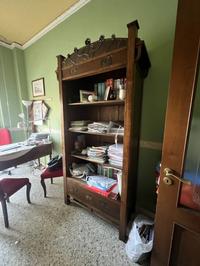 Armadio a giorno con cassetto posto in basso in legno...
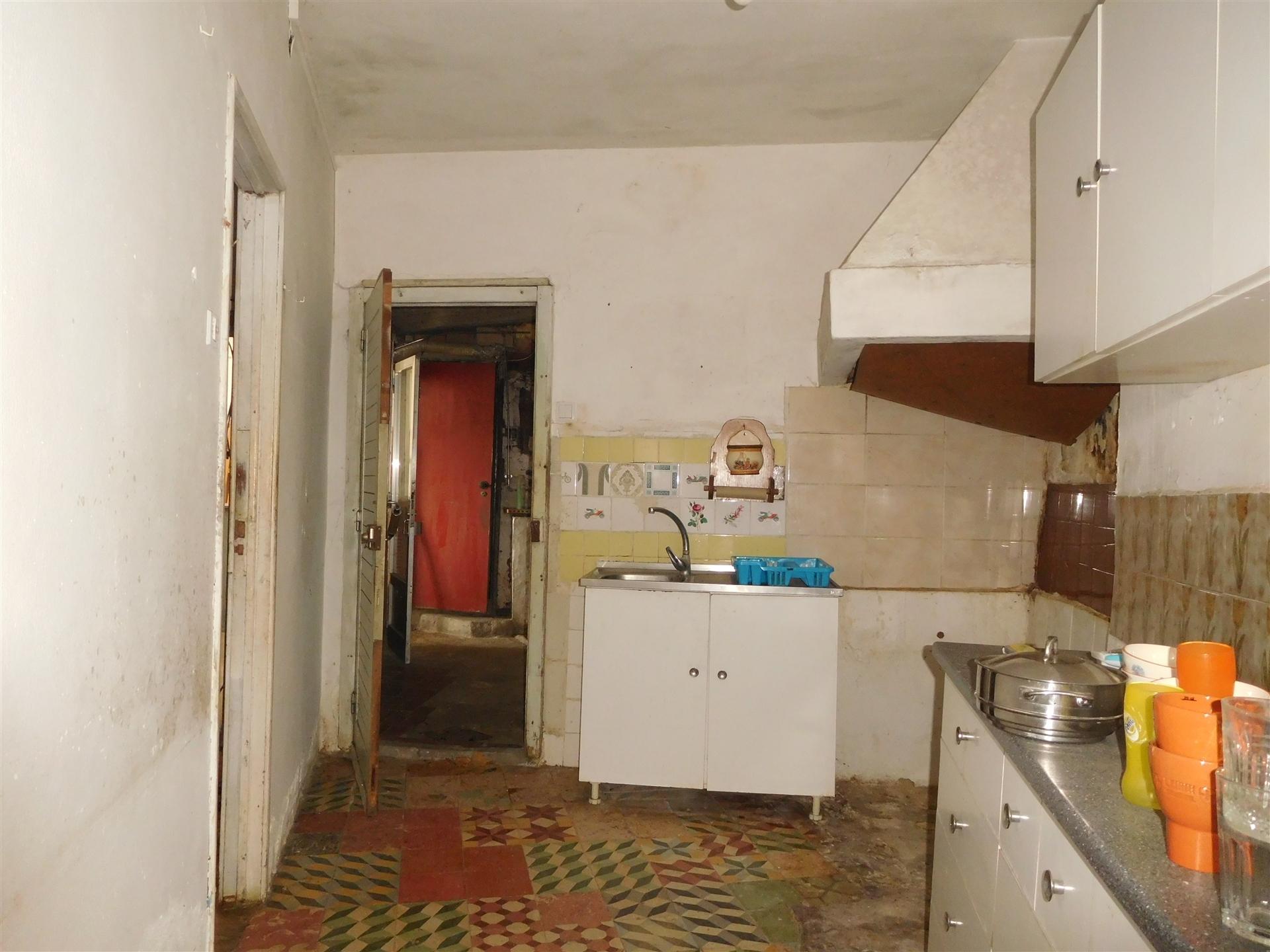 Moradia T3 / Restaurar / Marrazes / Leiria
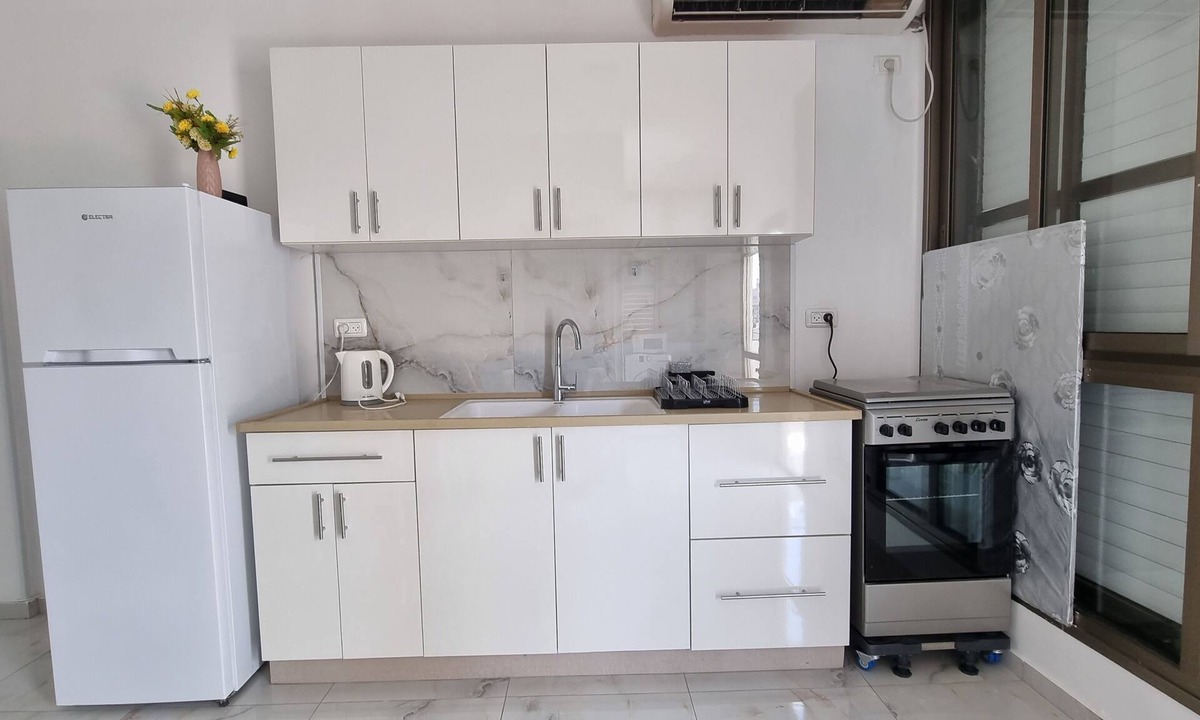 Bene Beraq Apartment | New Stylish Apartment with Balcony & Parking Close to Tel Aviv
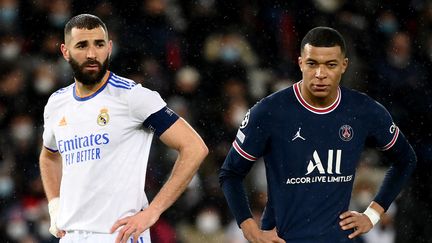 Kylian Mbappé et Karim Benzema lors du match entre le PSG et le Real Madrid, le 15 février 2022 à Paris. (FRANCK FIFE / AFP)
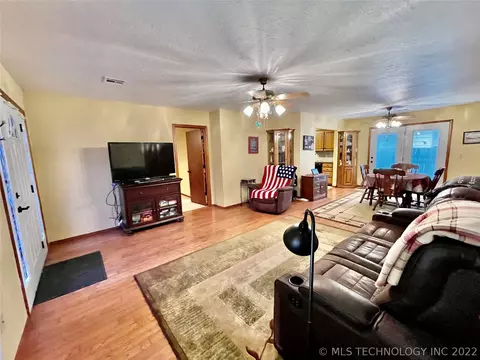 318 S Highland Ave, Cushing, OK 74023 photo 5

--------

▸ Your assignment
Keep every word of the data as it is when you write it out, but drop the pictures.

▸ Problem solution
 Armadio a giorno con cassetto posto in basso in legno...
 Moradia T3 / Restaurar / Marrazes / Leiria
 Bene Beraq Apartment | New Stylish Apartment with Balcony & Parking Close to Tel Aviv
 Kylian Mbappé et Karim Benzema lors du match entre le PSG et le Real Madrid, le 15 février 2022 à Paris. (FRANCK FIFE / AFP)
 318 S Highland Ave, Cushing, OK 74023 photo 5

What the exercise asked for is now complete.